Post-termination restrictions (also known as restrictive covenants) in employment contracts are often included to protect the employer’s business by restricting the activities of a former employee. They are relatively common in most employment contracts.
Sometimes employers can attempt to impose unreasonable and/or unfair restrictions on employees. Any contractual term restricting an employee’s activities after termination is void for being in restraint of trade and contrary to public policy, unless the employer can show that:
- It has a legitimate proprietary interest that it is appropriate to protect
- The protection sought is no more than is reasonable having regard to the interests of the parties and the public interest
Our expertise in advising on post-termination restrictions
Our employment solicitors can provide employees with guidance on the reasonableness and enforceability of a restrictive covenant.
As an employee, you can seek advice before signing any employment contract so you are aware of what you are signing. Or, you can use our legal advice in order to negotiate the contract before finalising it.
Post-termination covenants are a common feature of many employment contracts but it depends on the specific wording that is proposed. If you start work but do not wish to agree to the covenants, it is important that you tell your employer straightaway, preferably in writing. Otherwise, you will be regarded as having accepted them.

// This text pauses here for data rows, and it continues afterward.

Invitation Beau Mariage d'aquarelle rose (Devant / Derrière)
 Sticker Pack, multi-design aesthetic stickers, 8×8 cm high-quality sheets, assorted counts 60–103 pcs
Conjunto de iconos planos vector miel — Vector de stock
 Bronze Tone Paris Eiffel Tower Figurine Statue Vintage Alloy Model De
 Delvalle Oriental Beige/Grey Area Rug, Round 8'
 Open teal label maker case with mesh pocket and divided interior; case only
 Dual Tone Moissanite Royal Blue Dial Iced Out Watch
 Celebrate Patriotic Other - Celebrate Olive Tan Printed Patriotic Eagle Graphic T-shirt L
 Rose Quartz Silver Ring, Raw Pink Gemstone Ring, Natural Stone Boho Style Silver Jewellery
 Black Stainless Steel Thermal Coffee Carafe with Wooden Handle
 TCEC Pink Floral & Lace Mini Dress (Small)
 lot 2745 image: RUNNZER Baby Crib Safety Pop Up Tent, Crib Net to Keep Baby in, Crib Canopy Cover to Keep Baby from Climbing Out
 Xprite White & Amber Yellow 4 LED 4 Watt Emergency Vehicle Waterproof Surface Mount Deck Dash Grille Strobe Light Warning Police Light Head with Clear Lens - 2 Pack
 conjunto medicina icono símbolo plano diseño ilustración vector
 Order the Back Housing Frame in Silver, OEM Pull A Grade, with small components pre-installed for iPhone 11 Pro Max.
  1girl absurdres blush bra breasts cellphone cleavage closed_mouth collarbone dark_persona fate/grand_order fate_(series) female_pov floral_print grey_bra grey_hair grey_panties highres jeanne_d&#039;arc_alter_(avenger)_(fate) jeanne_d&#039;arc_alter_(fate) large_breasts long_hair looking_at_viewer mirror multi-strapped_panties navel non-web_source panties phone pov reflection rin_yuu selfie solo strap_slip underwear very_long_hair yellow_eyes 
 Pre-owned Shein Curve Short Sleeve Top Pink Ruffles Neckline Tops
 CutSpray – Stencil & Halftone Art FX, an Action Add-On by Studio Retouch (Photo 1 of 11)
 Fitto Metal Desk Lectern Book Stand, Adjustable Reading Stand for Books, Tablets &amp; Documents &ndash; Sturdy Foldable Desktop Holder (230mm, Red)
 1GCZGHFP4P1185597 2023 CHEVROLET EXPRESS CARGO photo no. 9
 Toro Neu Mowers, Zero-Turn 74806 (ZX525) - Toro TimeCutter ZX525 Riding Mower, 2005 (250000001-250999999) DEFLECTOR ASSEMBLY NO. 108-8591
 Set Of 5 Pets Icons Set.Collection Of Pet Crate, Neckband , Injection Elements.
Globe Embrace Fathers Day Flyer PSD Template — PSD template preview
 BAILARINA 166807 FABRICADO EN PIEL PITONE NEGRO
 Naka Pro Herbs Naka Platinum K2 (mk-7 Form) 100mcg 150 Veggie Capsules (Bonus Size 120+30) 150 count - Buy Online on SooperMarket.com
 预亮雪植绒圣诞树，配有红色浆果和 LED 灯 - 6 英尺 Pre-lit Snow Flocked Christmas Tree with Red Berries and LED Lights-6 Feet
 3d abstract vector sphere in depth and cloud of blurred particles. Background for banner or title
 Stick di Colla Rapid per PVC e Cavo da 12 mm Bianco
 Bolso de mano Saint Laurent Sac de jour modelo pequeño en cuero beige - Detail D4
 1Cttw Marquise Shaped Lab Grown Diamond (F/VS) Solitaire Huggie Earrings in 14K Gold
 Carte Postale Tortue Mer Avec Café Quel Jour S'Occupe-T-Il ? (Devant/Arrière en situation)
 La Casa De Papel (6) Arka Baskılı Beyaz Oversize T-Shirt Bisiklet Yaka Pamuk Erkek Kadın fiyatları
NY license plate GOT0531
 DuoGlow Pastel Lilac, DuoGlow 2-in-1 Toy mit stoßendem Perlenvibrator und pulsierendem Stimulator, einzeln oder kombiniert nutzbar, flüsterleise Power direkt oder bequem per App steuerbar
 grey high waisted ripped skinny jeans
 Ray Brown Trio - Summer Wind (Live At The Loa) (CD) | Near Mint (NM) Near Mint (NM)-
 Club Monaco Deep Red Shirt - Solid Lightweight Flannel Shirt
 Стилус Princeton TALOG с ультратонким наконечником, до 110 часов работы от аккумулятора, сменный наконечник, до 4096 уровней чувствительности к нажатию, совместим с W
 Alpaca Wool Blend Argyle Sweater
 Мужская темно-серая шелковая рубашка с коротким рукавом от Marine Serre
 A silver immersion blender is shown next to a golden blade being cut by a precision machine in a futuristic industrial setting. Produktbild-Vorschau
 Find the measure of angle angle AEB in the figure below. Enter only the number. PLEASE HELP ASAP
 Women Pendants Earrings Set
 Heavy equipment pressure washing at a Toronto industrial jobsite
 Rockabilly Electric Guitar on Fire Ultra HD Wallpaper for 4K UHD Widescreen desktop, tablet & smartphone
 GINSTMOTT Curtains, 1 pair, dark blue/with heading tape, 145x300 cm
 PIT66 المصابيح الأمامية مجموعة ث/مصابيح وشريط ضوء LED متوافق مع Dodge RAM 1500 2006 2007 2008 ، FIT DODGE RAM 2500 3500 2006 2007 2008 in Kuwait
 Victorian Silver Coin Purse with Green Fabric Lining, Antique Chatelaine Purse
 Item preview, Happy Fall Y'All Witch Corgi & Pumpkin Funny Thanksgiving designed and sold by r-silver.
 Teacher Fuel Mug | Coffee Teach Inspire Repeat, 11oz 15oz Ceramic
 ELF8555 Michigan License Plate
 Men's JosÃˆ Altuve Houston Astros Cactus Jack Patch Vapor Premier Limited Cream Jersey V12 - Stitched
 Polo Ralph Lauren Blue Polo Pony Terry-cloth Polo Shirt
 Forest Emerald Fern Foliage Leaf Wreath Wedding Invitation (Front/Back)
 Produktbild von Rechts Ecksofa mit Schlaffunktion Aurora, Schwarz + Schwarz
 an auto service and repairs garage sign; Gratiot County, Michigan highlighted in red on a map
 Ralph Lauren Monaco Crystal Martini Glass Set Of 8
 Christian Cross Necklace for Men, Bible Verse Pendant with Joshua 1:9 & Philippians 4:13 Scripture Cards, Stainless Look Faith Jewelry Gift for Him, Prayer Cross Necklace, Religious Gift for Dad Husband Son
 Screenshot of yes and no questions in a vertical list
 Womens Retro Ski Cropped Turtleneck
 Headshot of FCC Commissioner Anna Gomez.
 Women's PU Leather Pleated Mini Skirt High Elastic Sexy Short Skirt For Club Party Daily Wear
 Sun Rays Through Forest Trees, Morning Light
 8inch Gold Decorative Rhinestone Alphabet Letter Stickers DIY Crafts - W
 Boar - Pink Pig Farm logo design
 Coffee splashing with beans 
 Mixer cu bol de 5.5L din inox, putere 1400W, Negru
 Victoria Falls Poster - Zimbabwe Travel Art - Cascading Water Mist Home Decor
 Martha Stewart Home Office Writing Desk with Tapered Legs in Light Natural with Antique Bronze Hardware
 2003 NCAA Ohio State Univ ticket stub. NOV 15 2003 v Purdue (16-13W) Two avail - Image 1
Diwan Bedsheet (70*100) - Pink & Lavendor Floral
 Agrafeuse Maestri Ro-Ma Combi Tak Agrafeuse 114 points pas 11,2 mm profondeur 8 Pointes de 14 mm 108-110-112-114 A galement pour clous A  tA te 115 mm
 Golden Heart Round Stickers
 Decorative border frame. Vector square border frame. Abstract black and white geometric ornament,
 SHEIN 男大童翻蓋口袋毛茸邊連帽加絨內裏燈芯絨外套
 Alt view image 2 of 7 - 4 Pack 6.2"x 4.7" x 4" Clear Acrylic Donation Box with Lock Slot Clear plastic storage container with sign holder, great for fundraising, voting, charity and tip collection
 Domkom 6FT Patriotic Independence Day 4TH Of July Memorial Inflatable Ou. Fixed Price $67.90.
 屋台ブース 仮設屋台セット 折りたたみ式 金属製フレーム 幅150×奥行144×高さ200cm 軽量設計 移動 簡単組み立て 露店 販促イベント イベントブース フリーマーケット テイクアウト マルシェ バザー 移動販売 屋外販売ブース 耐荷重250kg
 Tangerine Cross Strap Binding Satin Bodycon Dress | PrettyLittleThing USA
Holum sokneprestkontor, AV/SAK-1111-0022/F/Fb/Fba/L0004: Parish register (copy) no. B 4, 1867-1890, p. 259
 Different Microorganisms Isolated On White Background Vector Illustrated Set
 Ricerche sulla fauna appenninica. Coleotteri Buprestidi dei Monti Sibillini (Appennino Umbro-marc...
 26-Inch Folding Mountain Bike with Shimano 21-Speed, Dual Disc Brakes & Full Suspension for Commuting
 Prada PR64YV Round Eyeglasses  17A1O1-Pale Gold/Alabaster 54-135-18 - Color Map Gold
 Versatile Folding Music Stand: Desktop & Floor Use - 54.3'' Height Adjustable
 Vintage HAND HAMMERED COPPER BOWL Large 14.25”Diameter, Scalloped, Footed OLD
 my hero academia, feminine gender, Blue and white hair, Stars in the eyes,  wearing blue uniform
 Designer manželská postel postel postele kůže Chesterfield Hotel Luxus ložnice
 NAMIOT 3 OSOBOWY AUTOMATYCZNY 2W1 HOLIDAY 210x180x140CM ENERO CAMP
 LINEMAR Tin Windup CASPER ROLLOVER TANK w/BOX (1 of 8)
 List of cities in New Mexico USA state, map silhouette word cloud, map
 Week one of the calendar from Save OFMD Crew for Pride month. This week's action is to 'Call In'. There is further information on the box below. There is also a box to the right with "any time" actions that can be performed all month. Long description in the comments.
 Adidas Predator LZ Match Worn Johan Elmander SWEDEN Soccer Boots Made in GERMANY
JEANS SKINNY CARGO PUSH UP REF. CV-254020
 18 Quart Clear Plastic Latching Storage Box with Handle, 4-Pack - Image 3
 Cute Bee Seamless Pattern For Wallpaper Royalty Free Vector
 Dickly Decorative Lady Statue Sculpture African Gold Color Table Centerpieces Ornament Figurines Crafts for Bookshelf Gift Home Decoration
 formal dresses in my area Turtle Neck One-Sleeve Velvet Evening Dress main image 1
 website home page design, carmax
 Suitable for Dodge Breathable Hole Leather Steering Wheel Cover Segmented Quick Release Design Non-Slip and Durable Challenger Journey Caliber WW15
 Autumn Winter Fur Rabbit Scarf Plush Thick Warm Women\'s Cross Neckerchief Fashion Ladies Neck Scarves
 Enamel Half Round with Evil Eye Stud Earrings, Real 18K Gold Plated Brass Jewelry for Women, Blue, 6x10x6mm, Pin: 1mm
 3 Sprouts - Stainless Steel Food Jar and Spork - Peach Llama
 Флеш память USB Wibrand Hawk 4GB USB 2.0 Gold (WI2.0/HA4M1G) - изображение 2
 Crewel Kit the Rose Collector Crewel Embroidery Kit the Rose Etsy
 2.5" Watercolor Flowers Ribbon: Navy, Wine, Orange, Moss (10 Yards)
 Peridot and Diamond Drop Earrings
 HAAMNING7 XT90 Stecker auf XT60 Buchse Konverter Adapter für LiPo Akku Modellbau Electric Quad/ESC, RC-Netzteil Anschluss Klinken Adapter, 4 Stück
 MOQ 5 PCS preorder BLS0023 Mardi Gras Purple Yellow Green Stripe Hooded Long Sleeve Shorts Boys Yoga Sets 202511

If your employer tries to impose restrictions upon you during your employment, you should question whether you are happy to agree to such restrictions and seek specialist legal advice.
Alternatively, if you are intending to leave your employer’s business, or have already left and you want to know where you stand, you can seek our advice. We can explain the implications of those restrictions as well as the potential consequences of breaching such a restriction, e.g. injunctions and/or breach of contract claims.